Table of Contents
1. API Design Principles
1.1 Richardson Maturity Model
The REST maturity model proposed by Leonard Richardson classifies how RESTful an API is across four levels.
| Level | Name | Description |
|---|---|---|
| Level 0 | The Swamp of POX | Single URI, single HTTP method (usually POST) |
| Level 1 | Resources | Individual resource URIs, still single method |
| Level 2 | HTTP Verbs | Proper use of HTTP methods (GET, POST, PUT, DELETE) |
| Level 3 | Hypermedia Controls | HATEOAS - responses include links to next actions |
Most production APIs target Level 2, while Level 3 (HATEOAS) is applied selectively since its implementation complexity rarely justifies the benefits.

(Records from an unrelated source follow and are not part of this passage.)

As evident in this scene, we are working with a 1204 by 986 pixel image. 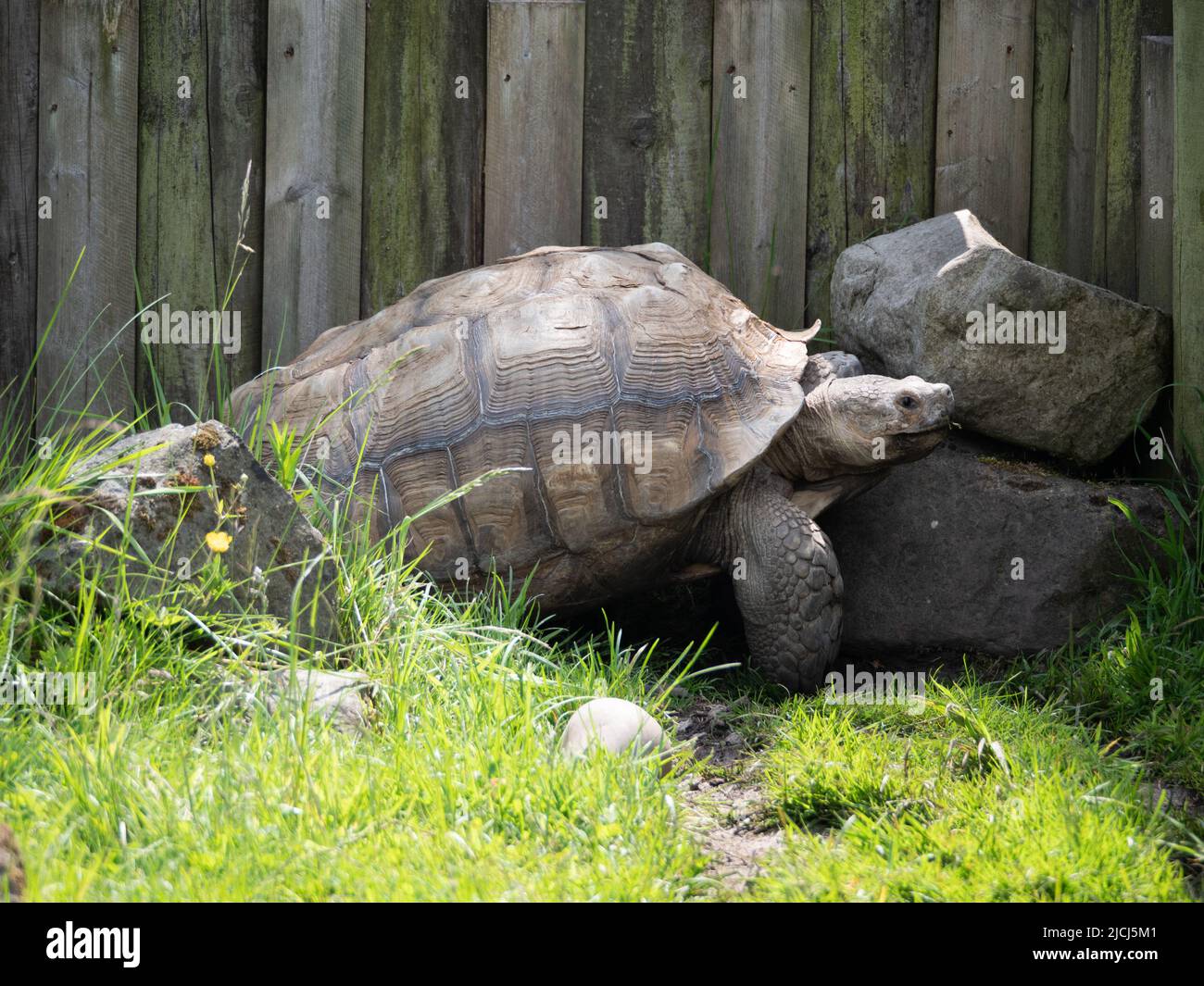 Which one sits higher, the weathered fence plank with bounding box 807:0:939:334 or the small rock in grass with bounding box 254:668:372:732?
the weathered fence plank with bounding box 807:0:939:334

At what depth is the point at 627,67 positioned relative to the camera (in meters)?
Result: 5.04

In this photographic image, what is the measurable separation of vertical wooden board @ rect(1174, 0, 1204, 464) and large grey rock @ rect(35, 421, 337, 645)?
317 cm

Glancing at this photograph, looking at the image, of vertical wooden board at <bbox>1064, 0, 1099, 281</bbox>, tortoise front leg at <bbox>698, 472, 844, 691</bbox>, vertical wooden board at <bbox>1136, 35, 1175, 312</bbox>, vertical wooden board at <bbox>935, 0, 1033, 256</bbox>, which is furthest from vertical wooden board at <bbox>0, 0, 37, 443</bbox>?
vertical wooden board at <bbox>1136, 35, 1175, 312</bbox>

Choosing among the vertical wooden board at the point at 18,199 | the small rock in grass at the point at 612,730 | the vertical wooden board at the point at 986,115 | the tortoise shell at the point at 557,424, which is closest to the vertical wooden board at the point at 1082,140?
the vertical wooden board at the point at 986,115

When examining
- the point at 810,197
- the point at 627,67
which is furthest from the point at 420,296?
the point at 810,197

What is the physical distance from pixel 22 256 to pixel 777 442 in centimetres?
315

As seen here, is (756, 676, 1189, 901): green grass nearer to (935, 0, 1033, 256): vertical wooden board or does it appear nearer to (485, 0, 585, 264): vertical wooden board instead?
(935, 0, 1033, 256): vertical wooden board

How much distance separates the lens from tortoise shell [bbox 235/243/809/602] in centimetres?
408

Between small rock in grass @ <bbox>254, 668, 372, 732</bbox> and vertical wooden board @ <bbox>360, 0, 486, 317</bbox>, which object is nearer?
small rock in grass @ <bbox>254, 668, 372, 732</bbox>

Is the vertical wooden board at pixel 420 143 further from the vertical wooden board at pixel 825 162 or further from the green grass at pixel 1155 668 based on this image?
the green grass at pixel 1155 668

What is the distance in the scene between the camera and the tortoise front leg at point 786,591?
164 inches

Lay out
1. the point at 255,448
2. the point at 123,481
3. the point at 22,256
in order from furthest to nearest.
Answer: the point at 22,256 → the point at 255,448 → the point at 123,481

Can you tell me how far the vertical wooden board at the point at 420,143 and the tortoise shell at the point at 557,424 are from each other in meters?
0.87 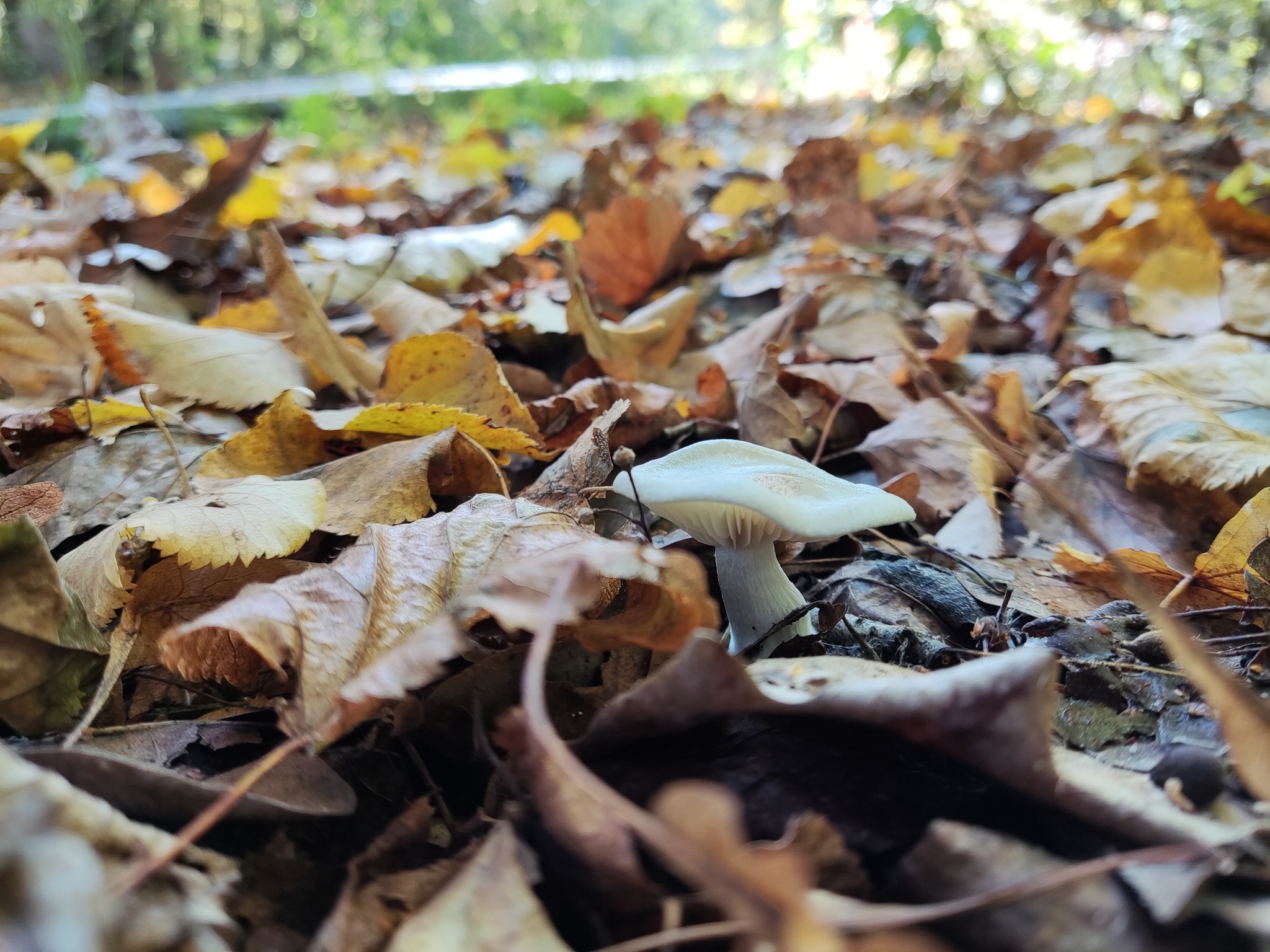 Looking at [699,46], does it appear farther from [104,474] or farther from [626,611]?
[626,611]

1.2 Resource Naming Conventions
Consistent resource naming is the cornerstone of good API design.
# Good examples
GET /api/v1/users
GET /api/v1/users/123
GET /api/v1/users/123/orders
POST /api/v1/users
PUT /api/v1/users/123
DELETE /api/v1/users/123
# Bad examples
GET /api/v1/getUsers
POST /api/v1/createUser
GET /api/v1/user_list
Core principles:
- Use nouns: Resources are expressed as nouns (users, orders, products)

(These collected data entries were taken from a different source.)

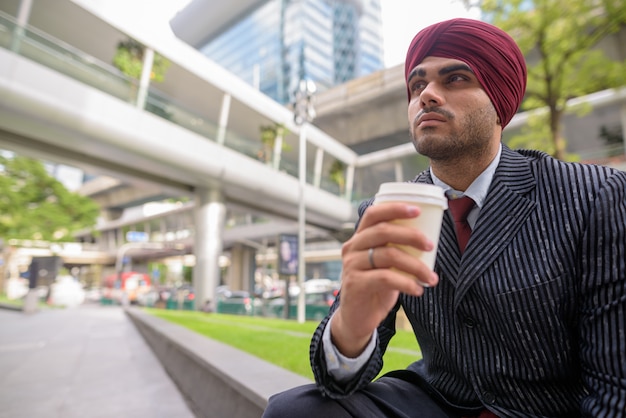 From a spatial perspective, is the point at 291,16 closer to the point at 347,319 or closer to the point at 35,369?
the point at 35,369

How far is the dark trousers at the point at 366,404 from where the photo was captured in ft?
3.14

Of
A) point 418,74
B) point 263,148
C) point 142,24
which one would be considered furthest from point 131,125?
point 418,74

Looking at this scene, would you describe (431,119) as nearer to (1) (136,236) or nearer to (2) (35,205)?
(2) (35,205)

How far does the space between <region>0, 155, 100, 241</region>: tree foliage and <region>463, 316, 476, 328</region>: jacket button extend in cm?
2404

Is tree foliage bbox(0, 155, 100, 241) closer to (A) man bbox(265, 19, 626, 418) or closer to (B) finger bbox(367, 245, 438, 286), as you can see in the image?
(A) man bbox(265, 19, 626, 418)

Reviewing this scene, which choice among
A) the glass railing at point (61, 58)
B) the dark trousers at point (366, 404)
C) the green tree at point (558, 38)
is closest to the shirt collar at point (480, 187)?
the dark trousers at point (366, 404)

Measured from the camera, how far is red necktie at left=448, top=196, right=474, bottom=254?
3.75 ft

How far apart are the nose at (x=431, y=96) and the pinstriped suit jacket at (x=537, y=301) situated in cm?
29

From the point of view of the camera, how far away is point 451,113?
3.55 feet

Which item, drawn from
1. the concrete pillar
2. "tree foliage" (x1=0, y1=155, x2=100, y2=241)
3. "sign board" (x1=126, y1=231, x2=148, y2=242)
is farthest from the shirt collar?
"sign board" (x1=126, y1=231, x2=148, y2=242)

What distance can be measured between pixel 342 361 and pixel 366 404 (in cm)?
16

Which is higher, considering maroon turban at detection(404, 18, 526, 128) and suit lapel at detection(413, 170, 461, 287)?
maroon turban at detection(404, 18, 526, 128)

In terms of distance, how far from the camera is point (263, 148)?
56.2 feet

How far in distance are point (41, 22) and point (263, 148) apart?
8.68 m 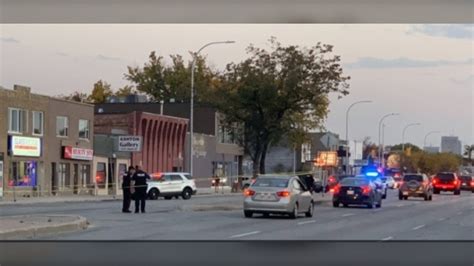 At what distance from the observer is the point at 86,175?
66.1 m

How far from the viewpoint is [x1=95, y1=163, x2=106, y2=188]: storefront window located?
6769 cm

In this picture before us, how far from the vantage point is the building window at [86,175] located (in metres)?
65.4

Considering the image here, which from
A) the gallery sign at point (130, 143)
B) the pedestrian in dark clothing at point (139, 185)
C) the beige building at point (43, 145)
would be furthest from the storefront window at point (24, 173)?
Result: the pedestrian in dark clothing at point (139, 185)

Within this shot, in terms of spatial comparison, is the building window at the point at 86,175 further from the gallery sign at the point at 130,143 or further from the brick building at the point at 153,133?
the brick building at the point at 153,133

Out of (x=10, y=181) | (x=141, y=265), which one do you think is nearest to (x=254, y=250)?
(x=141, y=265)

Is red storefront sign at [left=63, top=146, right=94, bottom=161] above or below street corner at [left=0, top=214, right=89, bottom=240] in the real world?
above

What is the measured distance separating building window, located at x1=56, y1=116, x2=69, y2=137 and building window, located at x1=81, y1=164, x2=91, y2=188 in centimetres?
332

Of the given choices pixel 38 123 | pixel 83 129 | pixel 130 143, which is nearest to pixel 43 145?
pixel 38 123

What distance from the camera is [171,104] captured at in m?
94.3

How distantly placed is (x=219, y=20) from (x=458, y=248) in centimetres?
753

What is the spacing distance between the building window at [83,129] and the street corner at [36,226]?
38418 mm

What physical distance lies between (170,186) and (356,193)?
12.9 m

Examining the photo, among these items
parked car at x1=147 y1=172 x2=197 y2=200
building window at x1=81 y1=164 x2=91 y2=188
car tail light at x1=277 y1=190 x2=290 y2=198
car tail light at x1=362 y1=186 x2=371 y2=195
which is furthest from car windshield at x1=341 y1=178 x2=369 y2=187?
building window at x1=81 y1=164 x2=91 y2=188

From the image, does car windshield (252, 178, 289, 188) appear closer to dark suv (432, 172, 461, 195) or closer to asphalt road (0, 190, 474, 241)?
asphalt road (0, 190, 474, 241) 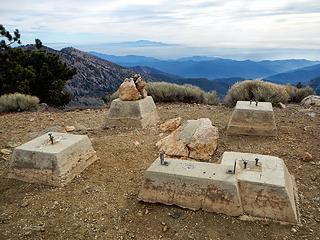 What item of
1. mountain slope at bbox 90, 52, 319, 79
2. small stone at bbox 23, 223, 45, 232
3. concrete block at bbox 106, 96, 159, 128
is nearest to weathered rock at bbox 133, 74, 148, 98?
concrete block at bbox 106, 96, 159, 128

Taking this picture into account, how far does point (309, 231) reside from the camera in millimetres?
4000

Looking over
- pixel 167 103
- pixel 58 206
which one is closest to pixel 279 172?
pixel 58 206

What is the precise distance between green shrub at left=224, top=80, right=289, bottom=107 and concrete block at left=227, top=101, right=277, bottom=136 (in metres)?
3.04

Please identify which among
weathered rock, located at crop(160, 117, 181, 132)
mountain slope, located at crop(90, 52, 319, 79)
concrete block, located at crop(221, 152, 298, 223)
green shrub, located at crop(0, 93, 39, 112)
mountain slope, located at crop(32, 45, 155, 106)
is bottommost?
mountain slope, located at crop(90, 52, 319, 79)

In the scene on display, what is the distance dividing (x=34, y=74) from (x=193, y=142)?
1049 cm

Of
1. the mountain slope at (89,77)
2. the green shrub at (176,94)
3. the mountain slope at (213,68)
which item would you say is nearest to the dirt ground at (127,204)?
the green shrub at (176,94)

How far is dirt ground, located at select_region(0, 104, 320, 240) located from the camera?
4.04m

- Plurals: Collections use plural forms (/users, /orders)
- Lowercase + hyphens: Use kebab-case (/order-items)
- Hierarchical relationships: Express with nested resources (/users/123/orders)

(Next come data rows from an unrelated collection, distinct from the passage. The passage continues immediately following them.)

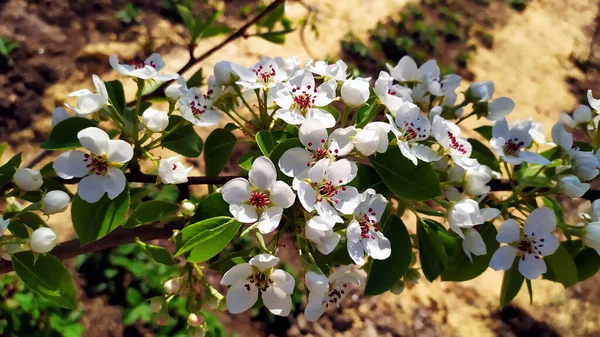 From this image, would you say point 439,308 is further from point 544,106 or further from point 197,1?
point 197,1

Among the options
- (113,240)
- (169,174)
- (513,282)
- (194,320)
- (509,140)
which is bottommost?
(194,320)

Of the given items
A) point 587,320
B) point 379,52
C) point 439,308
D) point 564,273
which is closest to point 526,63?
point 379,52

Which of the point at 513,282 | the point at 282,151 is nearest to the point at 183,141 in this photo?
the point at 282,151

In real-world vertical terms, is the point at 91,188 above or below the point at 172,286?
above

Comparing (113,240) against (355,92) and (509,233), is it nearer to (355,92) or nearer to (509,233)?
(355,92)

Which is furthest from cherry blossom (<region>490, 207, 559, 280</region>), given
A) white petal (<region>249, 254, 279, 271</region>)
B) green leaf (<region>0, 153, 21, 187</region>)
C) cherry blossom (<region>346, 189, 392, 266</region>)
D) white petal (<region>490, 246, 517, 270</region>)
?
green leaf (<region>0, 153, 21, 187</region>)

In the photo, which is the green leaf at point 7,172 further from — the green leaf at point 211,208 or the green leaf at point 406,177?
the green leaf at point 406,177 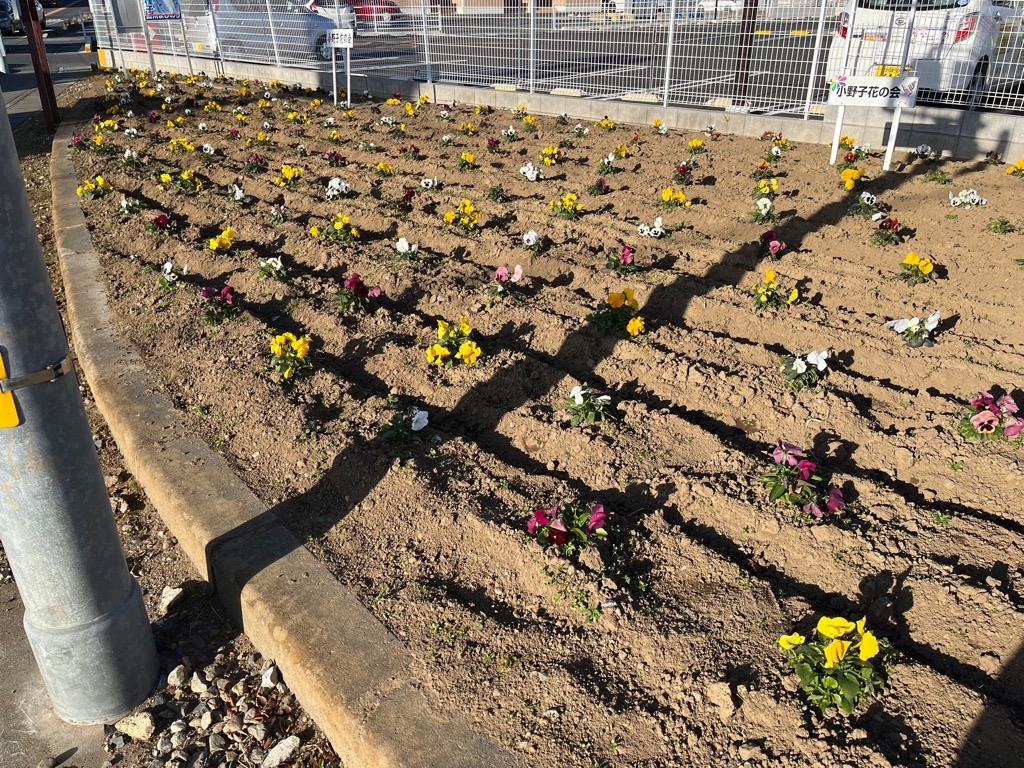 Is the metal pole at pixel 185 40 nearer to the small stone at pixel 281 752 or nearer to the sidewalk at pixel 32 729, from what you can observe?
the sidewalk at pixel 32 729

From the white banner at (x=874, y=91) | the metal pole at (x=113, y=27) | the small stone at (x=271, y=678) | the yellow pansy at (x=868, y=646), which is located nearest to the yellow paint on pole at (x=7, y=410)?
the small stone at (x=271, y=678)

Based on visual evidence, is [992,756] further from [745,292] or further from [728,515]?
[745,292]

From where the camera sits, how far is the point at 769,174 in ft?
24.3

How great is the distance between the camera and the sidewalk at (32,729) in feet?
8.04

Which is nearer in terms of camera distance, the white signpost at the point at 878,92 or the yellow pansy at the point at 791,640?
the yellow pansy at the point at 791,640

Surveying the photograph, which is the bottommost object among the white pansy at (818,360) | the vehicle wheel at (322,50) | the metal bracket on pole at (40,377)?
the white pansy at (818,360)

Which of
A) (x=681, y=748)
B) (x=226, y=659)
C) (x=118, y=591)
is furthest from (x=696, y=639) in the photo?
(x=118, y=591)

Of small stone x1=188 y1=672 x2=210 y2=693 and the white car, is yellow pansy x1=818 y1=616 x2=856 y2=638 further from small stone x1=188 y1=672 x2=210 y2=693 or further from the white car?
the white car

- Filtering via query parameters: /users?status=active&role=admin
1.3 HTTP Methods and Status Codes
GET - Read (safe, idempotent)
POST - Create (unsafe, non-idempotent)
PUT - Full update (unsafe, idempotent)
PATCH - Partial update (unsafe, non-idempotent)
DELETE - Delete (unsafe, idempotent)
OPTIONS - CORS preflight
HEAD - Headers only
Key status code guide:
| Code | Meaning | When to Use |
|---|---|---|
| 200 | OK | Successful GET, PUT, PATCH |
| 201 | Created | Successful POST (include Location header) |
| 204 | No Content | Successful DELETE |
| 400 | Bad Request | Invalid request format |
| 401 | Unauthorized | Authentication failure |
| 403 | Forbidden | Insufficient permissions |
| 404 | Not Found | Resource does not exist |
| 409 | Conflict | Resource conflict |
| 422 | Unprocessable Entity | Validation failure |
| 429 | Too Many Requests | Rate limit exceeded |
| 500 | Internal Server Error | Server error |
1.4 Request/Response Design
A consistent response format greatly improves the client development experience.
{
"data": {
"id": "user_123",
"type": "user",
"attributes": {
"name": "John Doe",
"email": "john@example.com",
"created_at": "2026-04-12T10:00:00Z"
}
},
"meta": {
"request_id": "req_abc123",
"timestamp": "2026-04-12T10:00:00Z"
}
}
Pagination response:
{
"data": [],
"pagination": {
"page": 1,
"per_page": 20,
"total": 150,
"total_pages": 8,
"next_cursor": "eyJpZCI6MTAwfQ=="
}
}
Error response:
{
"error": {
"code": "VALIDATION_ERROR",
"message": "The request data is invalid",
"details": [
{
"field": "email",
"message": "Not a valid email format"
}
]
}
}
2. REST vs GraphQL vs gRPC
2.1 Comparison Table
| Feature | REST | GraphQL | gRPC |
|---|---|---|---|
| Protocol | HTTP/1.1 | HTTP/1.1 | HTTP/2 |
| Data Format | JSON/XML | JSON | Protocol Buffers |
| Schema | OpenAPI (optional) | SDL (required) | .proto (required) |
| Type Safety | Weak | Strong | Very Strong |
| Over/Under-fetching | Present | Resolved | Resolved |
| Real-time | WebSocket | Subscription | Bidirectional Streaming |
| Browser Support | Native | Native | Requires grpc-web |
| Performance | Moderate | Moderate | High |
| Learning Curve | Low | Medium | High |
2.2 Best Use Cases for Each
REST works best when:
- Building public APIs (Open API)
- Simple CRUD operations
- Caching is critical (leveraging HTTP caching)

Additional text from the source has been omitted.